What to work on:
In the entries below, which lines run from the one with "2023 Chevrolet Traverse" through the one with "New 2026 Lincoln"? Repeat exactly those, both included, and no pictures.

Data extract:
--

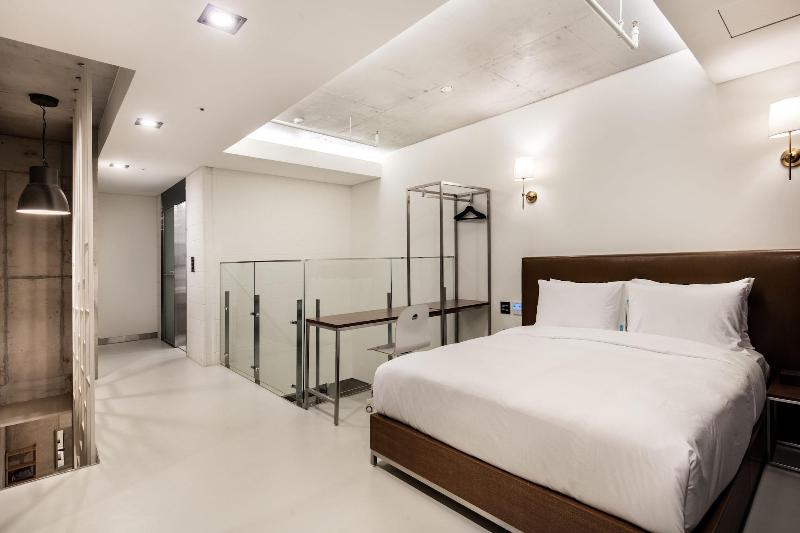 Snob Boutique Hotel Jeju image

--

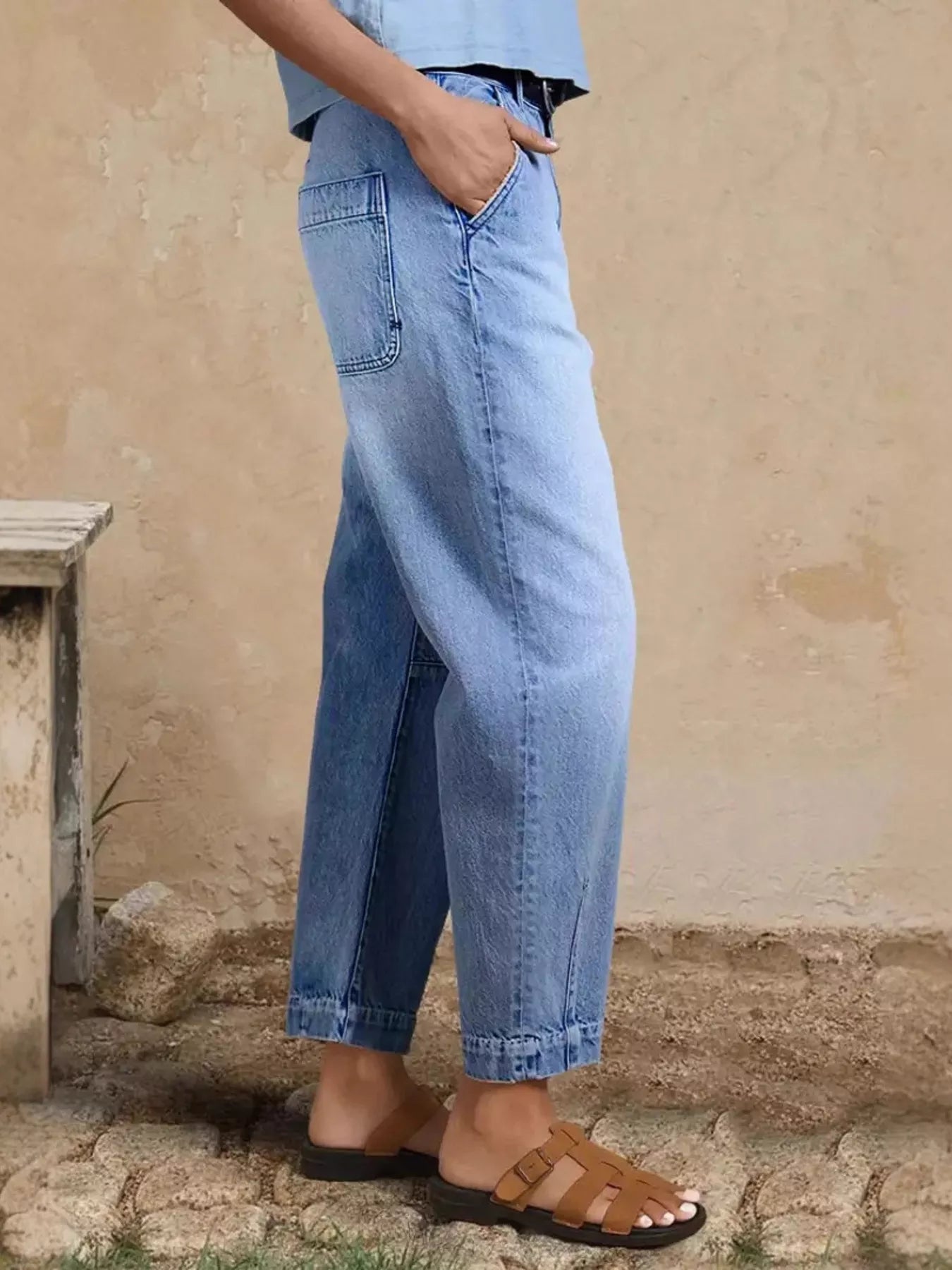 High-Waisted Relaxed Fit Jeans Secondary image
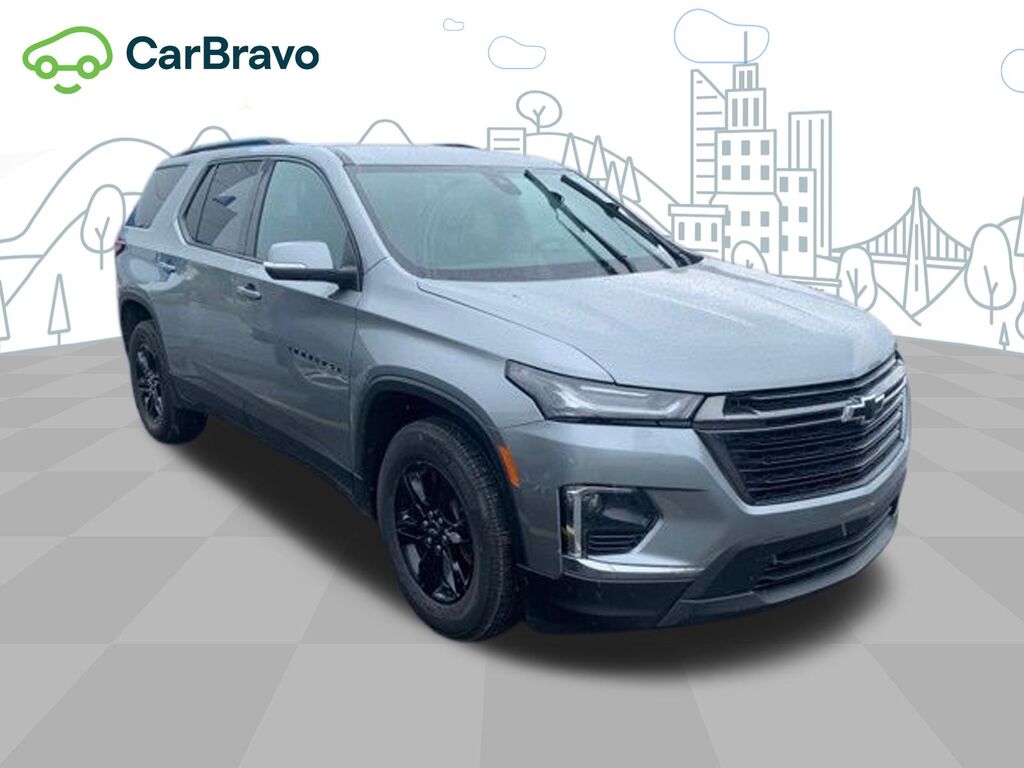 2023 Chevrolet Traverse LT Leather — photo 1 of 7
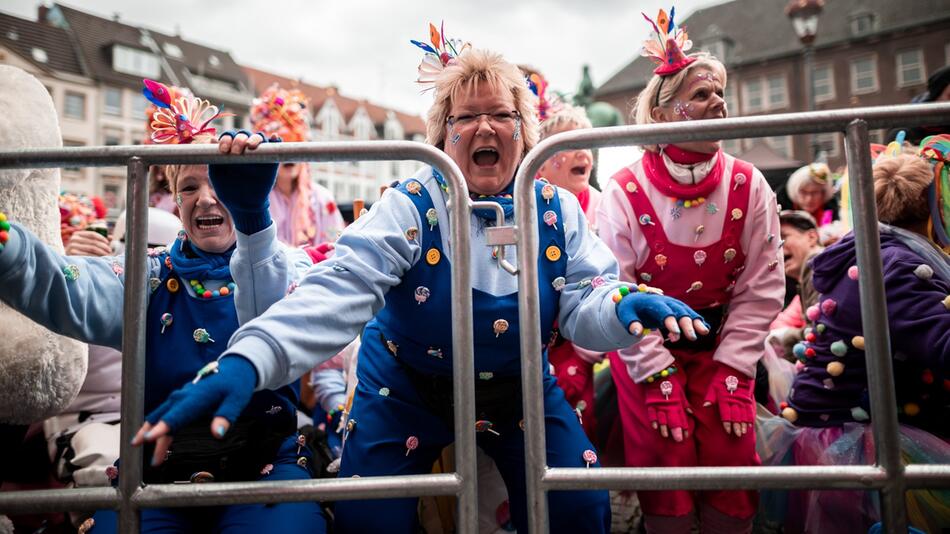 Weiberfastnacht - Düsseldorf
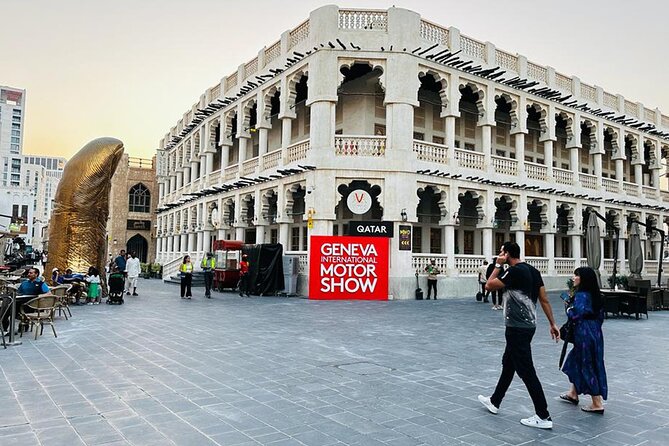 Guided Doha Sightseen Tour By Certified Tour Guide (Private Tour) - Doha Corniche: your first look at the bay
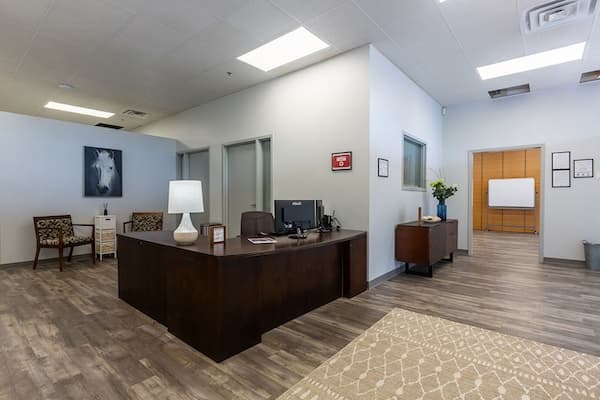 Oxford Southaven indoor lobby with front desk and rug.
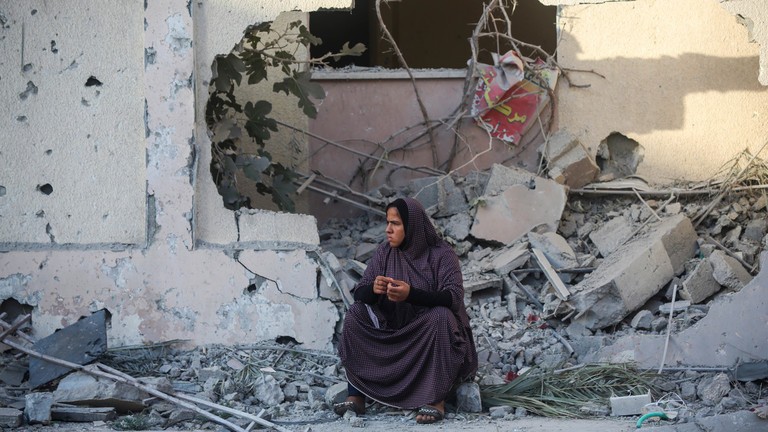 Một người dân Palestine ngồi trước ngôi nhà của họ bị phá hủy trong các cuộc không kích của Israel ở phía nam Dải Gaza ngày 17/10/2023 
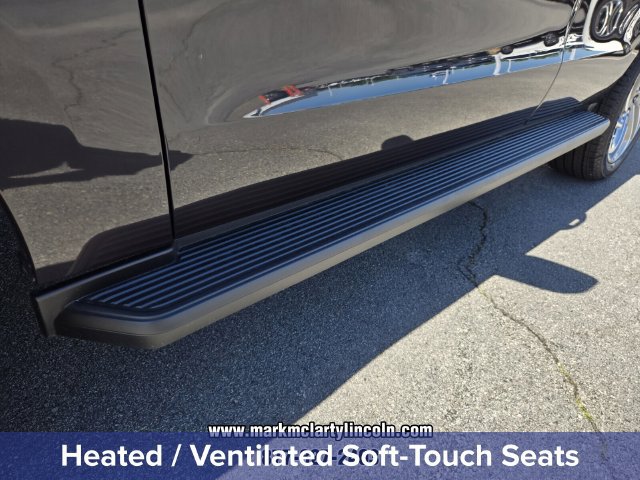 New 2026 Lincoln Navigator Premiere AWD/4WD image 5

--

Task answer:
 2023 Chevrolet Traverse LT Leather — photo 1 of 7
 Weiberfastnacht - Düsseldorf
 Guided Doha Sightseen Tour By Certified Tour Guide (Private Tour) - Doha Corniche: your first look at the bay
 Oxford Southaven indoor lobby with front desk and rug.
 Một người dân Palestine ngồi trước ngôi nhà của họ bị phá hủy trong các cuộc không kích của Israel ở phía nam Dải Gaza ngày 17/10/2023 
 New 2026 Lincoln Navigator Premiere AWD/4WD image 5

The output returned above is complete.